Lordotic behavior in male rats: Genetic and hormonal regulation of sexual differentiation

• Published in: Hormones and behavior Vol. 20; no. 1; pp. 73 - 82
• Main Authors: Whalen, Richard E, Gladue, Brian A, Olsen, K.L
• Format: Journal Article
• Language: English
• Published: Amsterdam Elsevier Inc 01.03.1986; Elsevier
• Subjects: Androstatrienes - pharmacology; Animals; Biological and medical sciences; Estradiol - pharmacology; Female; Fundamental and applied biological sciences. Psychology; Gonadal Steroid Hormones - pharmacology; Male; Mammalian male genital system; Morphology. Physiology; Posture; Pregnancy; Progesterone - pharmacology; Rats; Rats, Inbred Strains; Sex Differentiation - drug effects; Sexual Behavior, Animal - drug effects; Sexual Behavior, Animal - physiology; Species Specificity; Vertebrates: reproduction; Vertebrata; Sexual behavior disorder; Mammalia; Rat; Rodentia; Hormonal regulation; Genetics; Lordosis; Male; Sexual differentiation
• ISSN: 0018-506X; 1095-6867
• DOI: 10.1016/0018-506X(86)90030-9

The male offspring of Long-Evans rats treated with the aromatization inhibitor ATD (1,4,6-androstatriene-3,17-dione) during pregnancy show high levels of lordotic behavior when treated with estrogen and progesterone in adulthood. The male offspring of Sprague-Dawley dams treated in the same way show only a slight facilitation of lordotic potential. These strain differences could reflect strain differences in gestation length and therefore differences in the timing of the sensitive period of sexual differentiation; they could reflect differences in the sensitivity to the defeminizing actions of gonadal hormones; or they could reflect differences in the sensitivity to ATD treatment.
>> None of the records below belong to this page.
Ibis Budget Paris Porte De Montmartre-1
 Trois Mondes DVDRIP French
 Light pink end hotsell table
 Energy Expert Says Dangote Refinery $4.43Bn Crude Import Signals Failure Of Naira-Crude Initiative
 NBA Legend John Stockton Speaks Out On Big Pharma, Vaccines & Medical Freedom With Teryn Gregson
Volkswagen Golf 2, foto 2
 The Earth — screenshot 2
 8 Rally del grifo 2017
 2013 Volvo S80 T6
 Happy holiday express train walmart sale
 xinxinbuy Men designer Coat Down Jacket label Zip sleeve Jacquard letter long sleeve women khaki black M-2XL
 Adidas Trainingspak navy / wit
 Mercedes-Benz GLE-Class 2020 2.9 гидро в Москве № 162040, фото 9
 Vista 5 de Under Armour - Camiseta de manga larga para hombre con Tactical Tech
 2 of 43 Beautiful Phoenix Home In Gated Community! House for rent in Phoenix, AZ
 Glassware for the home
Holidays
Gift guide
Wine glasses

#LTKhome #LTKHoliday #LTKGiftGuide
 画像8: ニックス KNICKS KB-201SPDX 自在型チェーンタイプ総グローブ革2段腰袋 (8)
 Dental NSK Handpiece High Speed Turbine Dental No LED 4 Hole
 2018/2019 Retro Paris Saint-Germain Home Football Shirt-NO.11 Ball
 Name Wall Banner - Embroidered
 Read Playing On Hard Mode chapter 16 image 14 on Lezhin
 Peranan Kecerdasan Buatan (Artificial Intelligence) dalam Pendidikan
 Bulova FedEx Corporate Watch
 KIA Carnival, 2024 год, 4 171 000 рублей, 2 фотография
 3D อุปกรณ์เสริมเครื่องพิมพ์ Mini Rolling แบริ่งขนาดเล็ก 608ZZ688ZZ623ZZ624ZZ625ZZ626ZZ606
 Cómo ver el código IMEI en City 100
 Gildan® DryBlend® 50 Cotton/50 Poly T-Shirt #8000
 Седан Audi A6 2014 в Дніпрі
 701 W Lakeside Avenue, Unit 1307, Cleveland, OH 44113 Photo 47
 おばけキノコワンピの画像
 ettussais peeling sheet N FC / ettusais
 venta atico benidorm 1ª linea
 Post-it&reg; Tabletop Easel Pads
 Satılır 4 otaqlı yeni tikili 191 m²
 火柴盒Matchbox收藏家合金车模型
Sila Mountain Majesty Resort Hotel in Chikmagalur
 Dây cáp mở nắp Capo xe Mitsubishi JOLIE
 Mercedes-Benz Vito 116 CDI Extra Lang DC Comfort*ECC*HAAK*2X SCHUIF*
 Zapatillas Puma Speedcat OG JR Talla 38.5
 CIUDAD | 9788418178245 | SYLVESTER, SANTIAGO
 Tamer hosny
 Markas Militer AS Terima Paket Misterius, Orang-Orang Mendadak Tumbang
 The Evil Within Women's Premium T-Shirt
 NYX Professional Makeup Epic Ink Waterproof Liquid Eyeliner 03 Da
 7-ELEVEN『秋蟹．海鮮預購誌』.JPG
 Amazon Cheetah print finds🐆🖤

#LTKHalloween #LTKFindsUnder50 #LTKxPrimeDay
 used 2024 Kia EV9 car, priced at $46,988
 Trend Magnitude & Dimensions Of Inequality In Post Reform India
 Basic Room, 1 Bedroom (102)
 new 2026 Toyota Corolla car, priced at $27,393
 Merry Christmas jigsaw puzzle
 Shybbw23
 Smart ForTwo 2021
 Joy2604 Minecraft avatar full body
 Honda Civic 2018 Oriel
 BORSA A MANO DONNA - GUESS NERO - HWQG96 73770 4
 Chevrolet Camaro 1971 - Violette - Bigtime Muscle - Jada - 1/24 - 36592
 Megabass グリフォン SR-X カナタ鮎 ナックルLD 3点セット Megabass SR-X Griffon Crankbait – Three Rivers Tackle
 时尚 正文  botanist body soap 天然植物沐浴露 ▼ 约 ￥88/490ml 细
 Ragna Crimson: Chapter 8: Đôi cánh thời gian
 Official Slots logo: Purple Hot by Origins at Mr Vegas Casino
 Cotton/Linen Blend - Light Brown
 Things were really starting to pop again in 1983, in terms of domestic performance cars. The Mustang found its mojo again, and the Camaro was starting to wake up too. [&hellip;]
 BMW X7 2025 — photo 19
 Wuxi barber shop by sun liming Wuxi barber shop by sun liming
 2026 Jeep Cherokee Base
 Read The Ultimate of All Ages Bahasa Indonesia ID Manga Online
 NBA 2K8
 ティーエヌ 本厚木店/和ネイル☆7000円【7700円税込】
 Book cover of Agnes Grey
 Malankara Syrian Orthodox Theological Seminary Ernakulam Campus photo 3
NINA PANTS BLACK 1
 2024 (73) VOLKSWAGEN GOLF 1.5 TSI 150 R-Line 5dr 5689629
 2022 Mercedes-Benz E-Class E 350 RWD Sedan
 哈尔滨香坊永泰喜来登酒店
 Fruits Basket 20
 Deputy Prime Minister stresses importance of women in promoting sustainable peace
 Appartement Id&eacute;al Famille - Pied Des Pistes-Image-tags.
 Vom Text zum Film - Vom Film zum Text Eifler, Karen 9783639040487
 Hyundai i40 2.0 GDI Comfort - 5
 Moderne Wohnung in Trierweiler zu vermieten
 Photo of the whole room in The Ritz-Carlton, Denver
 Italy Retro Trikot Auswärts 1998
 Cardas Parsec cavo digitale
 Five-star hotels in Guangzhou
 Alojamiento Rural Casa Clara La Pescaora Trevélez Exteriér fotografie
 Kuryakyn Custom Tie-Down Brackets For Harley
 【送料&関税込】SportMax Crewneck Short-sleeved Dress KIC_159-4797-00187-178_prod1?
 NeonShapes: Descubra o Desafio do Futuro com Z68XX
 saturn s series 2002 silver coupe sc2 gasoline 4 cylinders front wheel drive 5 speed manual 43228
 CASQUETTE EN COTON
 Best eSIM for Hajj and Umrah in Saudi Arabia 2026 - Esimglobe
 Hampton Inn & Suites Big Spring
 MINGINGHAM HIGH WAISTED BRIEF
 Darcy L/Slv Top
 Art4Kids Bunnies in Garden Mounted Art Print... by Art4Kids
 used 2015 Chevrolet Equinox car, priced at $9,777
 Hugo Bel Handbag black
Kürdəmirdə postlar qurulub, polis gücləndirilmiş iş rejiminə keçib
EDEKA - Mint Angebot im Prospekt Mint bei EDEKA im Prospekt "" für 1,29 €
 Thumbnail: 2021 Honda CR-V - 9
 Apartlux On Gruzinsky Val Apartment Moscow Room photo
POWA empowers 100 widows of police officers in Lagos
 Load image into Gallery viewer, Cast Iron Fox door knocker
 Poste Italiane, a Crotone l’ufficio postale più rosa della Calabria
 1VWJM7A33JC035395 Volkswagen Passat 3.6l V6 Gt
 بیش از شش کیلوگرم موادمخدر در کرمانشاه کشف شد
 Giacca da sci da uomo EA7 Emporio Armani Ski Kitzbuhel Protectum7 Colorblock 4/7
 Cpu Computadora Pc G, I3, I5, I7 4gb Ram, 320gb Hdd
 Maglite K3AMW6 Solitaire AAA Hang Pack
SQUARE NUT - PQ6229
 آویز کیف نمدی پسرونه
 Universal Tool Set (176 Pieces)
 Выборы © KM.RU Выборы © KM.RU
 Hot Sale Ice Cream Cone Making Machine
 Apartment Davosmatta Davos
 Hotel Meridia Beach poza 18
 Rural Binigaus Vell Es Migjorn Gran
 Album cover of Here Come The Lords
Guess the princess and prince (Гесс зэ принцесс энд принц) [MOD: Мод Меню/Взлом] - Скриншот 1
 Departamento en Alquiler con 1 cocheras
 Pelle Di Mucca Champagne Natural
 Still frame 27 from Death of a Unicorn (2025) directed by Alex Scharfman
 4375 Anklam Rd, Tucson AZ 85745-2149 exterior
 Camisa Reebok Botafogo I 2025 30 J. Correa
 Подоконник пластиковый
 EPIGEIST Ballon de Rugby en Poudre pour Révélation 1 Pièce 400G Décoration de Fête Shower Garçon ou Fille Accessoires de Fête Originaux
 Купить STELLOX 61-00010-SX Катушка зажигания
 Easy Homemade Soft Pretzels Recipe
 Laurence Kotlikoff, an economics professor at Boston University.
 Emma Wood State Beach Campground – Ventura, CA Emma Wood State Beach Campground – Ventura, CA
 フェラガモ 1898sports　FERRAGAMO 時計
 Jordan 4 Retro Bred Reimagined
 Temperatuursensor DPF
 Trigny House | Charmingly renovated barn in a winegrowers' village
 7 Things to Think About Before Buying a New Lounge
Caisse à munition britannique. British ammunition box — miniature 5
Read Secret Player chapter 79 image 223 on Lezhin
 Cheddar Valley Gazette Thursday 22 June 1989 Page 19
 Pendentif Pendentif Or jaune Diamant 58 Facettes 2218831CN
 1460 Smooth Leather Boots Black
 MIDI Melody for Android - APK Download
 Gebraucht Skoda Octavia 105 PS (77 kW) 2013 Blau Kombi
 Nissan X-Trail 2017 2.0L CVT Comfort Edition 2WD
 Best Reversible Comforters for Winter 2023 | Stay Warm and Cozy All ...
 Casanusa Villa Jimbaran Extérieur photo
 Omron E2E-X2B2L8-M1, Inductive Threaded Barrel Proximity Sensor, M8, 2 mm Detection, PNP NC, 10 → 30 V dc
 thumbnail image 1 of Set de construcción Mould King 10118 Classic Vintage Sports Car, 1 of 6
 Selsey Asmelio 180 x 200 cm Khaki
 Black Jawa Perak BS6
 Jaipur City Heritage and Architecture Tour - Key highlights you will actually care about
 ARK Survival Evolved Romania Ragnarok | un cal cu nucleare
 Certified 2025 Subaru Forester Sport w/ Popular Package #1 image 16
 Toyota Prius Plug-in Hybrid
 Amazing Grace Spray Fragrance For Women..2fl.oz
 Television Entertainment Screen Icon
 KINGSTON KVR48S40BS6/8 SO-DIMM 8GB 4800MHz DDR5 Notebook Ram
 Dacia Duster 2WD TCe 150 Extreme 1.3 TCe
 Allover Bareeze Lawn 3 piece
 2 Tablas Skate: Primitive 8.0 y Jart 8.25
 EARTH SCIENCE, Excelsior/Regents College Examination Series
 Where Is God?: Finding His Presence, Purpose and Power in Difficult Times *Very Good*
We therefore directly compared the effects of prenatal and early postnatal treatment with ATD on the potential of male Long-Evans and Sprague-Dawley rats to show lordosis when given estrogen and progesterone in adulthood. In both strains ATD treatment facilitated adult lordotic behavior. Treatment appeared to have a greater effect in the Long-Evans strain. However, control Long-Evans males were substantially more responsive to hormone treatment in adulthood than were Sprague-Dawley males. In the Long-Evans strain short-term ATD treatment (Days 20–23 of pregnancy) was as effective as long-term treatment (Days 10–23). In the Sprague-Dawley strain, ATD treatment was most effective when given prenatally and postnatally. Strain differences in hormonal sensitivity best account for the present findings.